My recent experience with vinyl planks

Because of my nearly-new job, I needed home-office space in a hurry and without spending a lot. A few weeks ago I spotted some stick-down vinyl planks at my local Lowe’s store, sold under the Style Selections brand and priced at 98 or 99 cents per square foot, so I picked some up.

For the money, I think they’re very good.

The nice thing about planks, as opposed to tiles, is that you can get away with an occasional gap in them. I have real wood floors in several rooms, and believe me, those 50-year-old floors have an occasional gap too.

I bought a box of roughcut oak and two boxes of golden oak. Mixing them up helped break up the repetition. Roughcut pieces look a bit faded and worn next to the goldens, but on my real floors, I have the same thing going on. Not every board took the stain uniformly, and after three families grew up in this house, some boards took more abuse than others.

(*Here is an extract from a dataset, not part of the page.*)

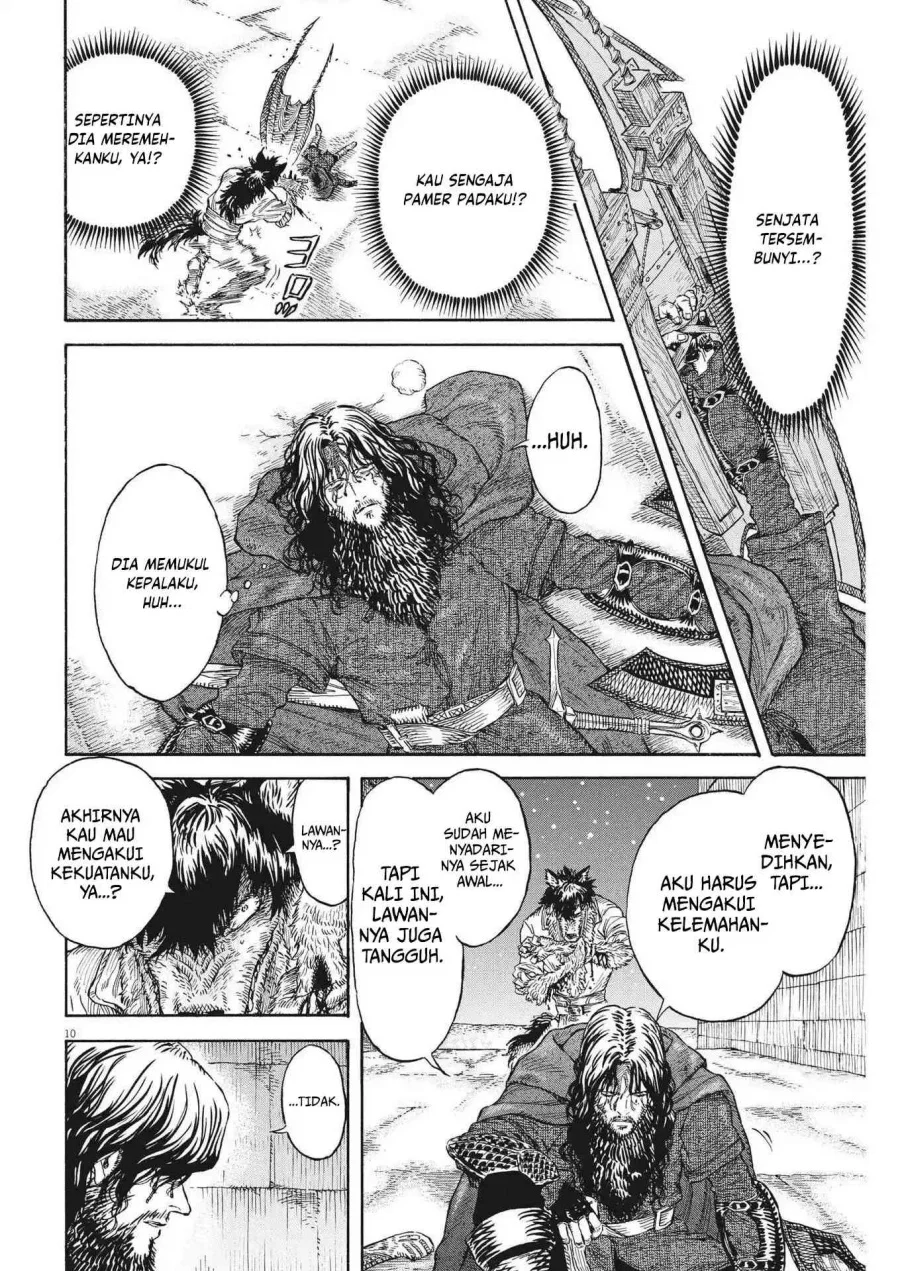 Chapter 10 - halaman 12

One thing I wish I’d done is open up all of the boxes and sort the planks. Each box was prone to repeat one pattern that had a knothole in a particularly obvious place, and if I’d sorted those particular planks out, it would have made mixing them up throughout the room much easier.

The golden oak boxes were heavier on the grains and lighter on the knots, making them less prone to obvious repeats.

For some reason I couldn’t source a floor roller locally, but I got one from Amazon. It cost as much as a box of planks, but I’ll use it again.

One thing I don’t regret doing is buying a quart of Armstrong vinyl adhesive. I spread a thin layer with a 3″ paintbrush, then when a line of it was dry enough to be tacky, I’d stick a row of planks down on it. My experience is still fairly limited, but the biggest problem I’ve seen with off-brand vinyl is the adhesive. The surface holds up fine, but the tiles shift around more than they should, or worse yet, come up at the corners. I had Armstrong tiles in my entryway that were installed in the late 1970s–based on the bits of newspaper I found on their undersides– and they only started to fail a year ago.

I’m not sure these planks will last 35 years, but they’ll do for now, and the price was right.

Oh–and using the adhesive, I was able to lay 15-20 square feet per hour.